I can hit the API with a request and have an error like this barfed openai.error.InvalidRequestError: This model’s maximum context length is 4097 tokens, however you requested 6227 tokens (2137 in your prompt; 4090 for the completion)
And I can put that exact same request in the web interface on chatgpt and get a successful output
I’d like to use the API as opposed to building some selenium jank - any solutions?
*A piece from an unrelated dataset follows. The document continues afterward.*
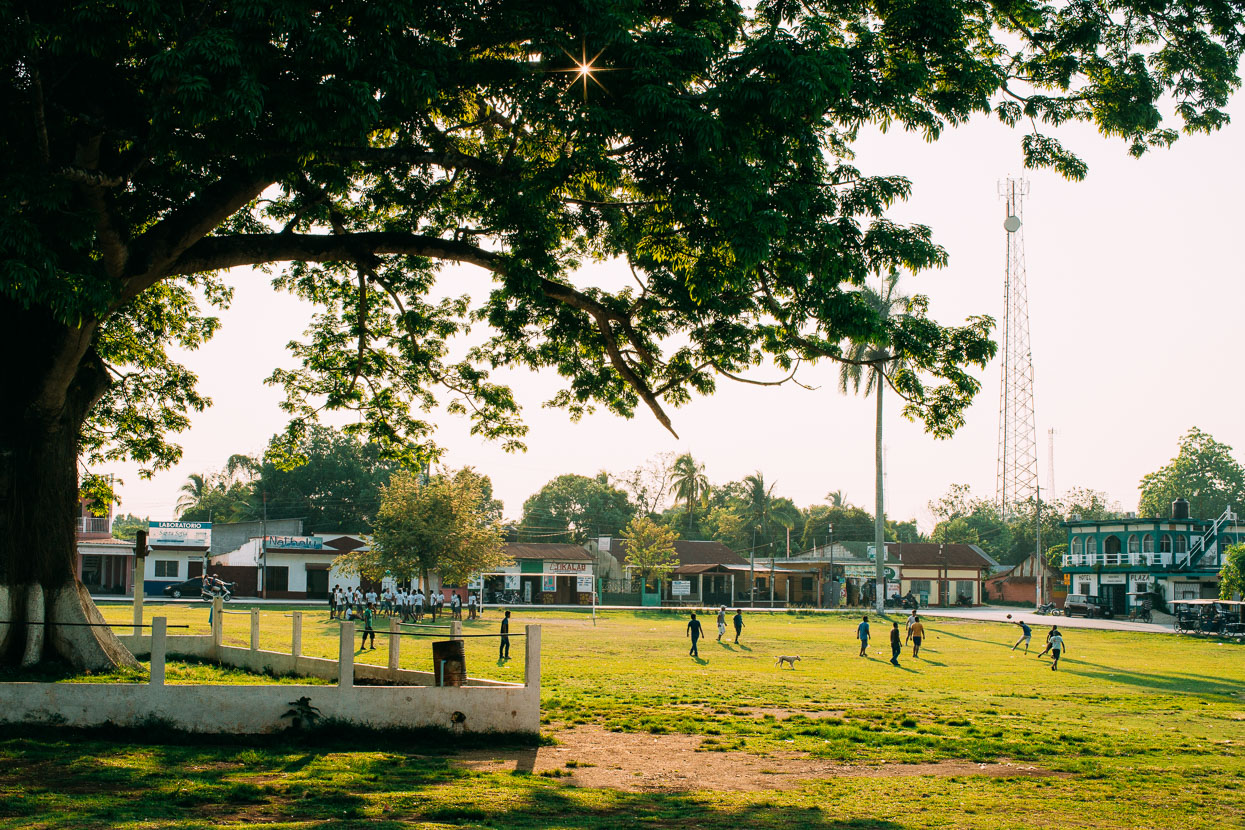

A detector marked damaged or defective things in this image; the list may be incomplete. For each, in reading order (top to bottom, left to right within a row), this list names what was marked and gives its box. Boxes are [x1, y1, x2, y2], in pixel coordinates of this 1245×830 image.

ChatGPT has automatic truncation of prompt text that is too long, the API will let you know when the prompt text is too long, but as a programmer you should handle errors such as this by performing your own truncation or summarisation method, you can use GitHub - openai/tiktoken: tiktoken is a fast BPE tokeniser for use with OpenAI's models. to calculate your text length in tokens to ensure you don’t go over the limit and handle that occurrence gracefully.
You should also do that when you do multiple requests in parallel as I just found out after some debugging why I sometimes get timeouts on 50 requests and sometimes I can do 100 without any problems.
I have a TPM (tokens per minute) limit of 120k on azure and I am sending code to the model for evaluations on a large catalog of weighted criteria.
And yeah the code snippets vary in size and so sometimes the token limit is reached with just a few requests.
So I have to take up to (my manually set) [process limit per minute] code snippets - generate the prompts for it and then calculate the overall needed reserved tokens (tiktoken calculated request tokens + max_tokens) and sum them up iterativly to see which snippets shoould be added to the evaluation stack.